# Transfer student RANT!



## IcemanSK (Sep 14, 2009)

I'm sorry but I gotta get this situation off of my chest. I know this will probably be familiar to many instructors.

Today I get a mom & young boy ask about classes. The boy is 8, & until last week he was a student at another school in town. He trained for 3 years there. The boy says little to nothing while the mom explains that the other school is too expensive & she wants him to start with me. 

Near as I could figure the boy was a 2nd gup. But he showed none of the disciplines signs of a child who had spent 3 years in a dojang. He said he only remembers his 1st two forms (although he's been taught 7 forms & was days away from testing!) In short, it appears that he has knowledge (of some kind) but he doesn't seem to care at all about the class. Mom is the driving force here.

I had an 8 year old BB from the same school in the past. His discipline was excellent, while his technique lacked. THAT, was easier to deal with because I can teach technique to a student who wants to be there.

In two days the kid & mom are coming back so I can evaluate him. For me, attitude & willingness to try are big keys for me. I'd have a hard time keeping this kid at his present rank with his attitude. I work hard to keep my students reaching for their best effort. I'd have a hard time bringing in a kid who is younger, higher ranked than any of them & who doesn't want to be there. 

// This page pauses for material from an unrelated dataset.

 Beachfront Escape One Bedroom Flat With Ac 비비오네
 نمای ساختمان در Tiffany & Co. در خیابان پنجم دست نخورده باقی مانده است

Any advice on how to handle this? Am I over looking something? A positive spin, perhaps?

Thanks!


----------



## Stac3y (Sep 15, 2009)

I'd do the eval before deciding the kid has a lousy attitude. He may have just been having a bad day, or mom may be so overbearing that he was afraid to participate in the conversation. Perhaps distract the mom so you can work with the child without her influence? He might surprise you.


----------



## Tez3 (Sep 15, 2009)

We made it a policy to keep all incoming cildren at the grade they come in with as we have a fairly big turnover in children whose parents are posted in and out, we thought it fair but sometimes it's hard to not say anything when a high grade comes in not knowing as much as they should. We can usually excuse it to everyone as them being a different style but it is exasperating. The problem too is that when they move on their next club/school may well think it's us!
I was thinking too perhaps the mother is holding the child back, the children we have are used to moving schools, homes, activities and even countries so tend to be fairly confident, it may be that this child didn't want to leave his friends and instructors, children never understand parent's needs for a more affordable alternative. it may be quite terrifying for the child who is young to have to move to another place and his imagination may be running riot as to whether he's going to have to fight hard, be beaten up or whatever his friends at his old training place may have told him hence his reluctance to 'perform'.


----------



## bluekey88 (Sep 15, 2009)

Just remmeber the kid is only 8. That's not veyr old. I think Tez and Stacey ade some good points...he may not want to leave his old school or he may be very nervous/shy 1:1 with the head instructor at a new school with unfamiliar rituals and routines.

Have them come back. give Mom a mess load of paper wrok to fill out. While she is doign that, get him on the mat, maybe with a few peers (some kids who are friendly and won't give him too hard a time) and see how he does.  This will get the Mom variable out of the picutre (at least temporarily). 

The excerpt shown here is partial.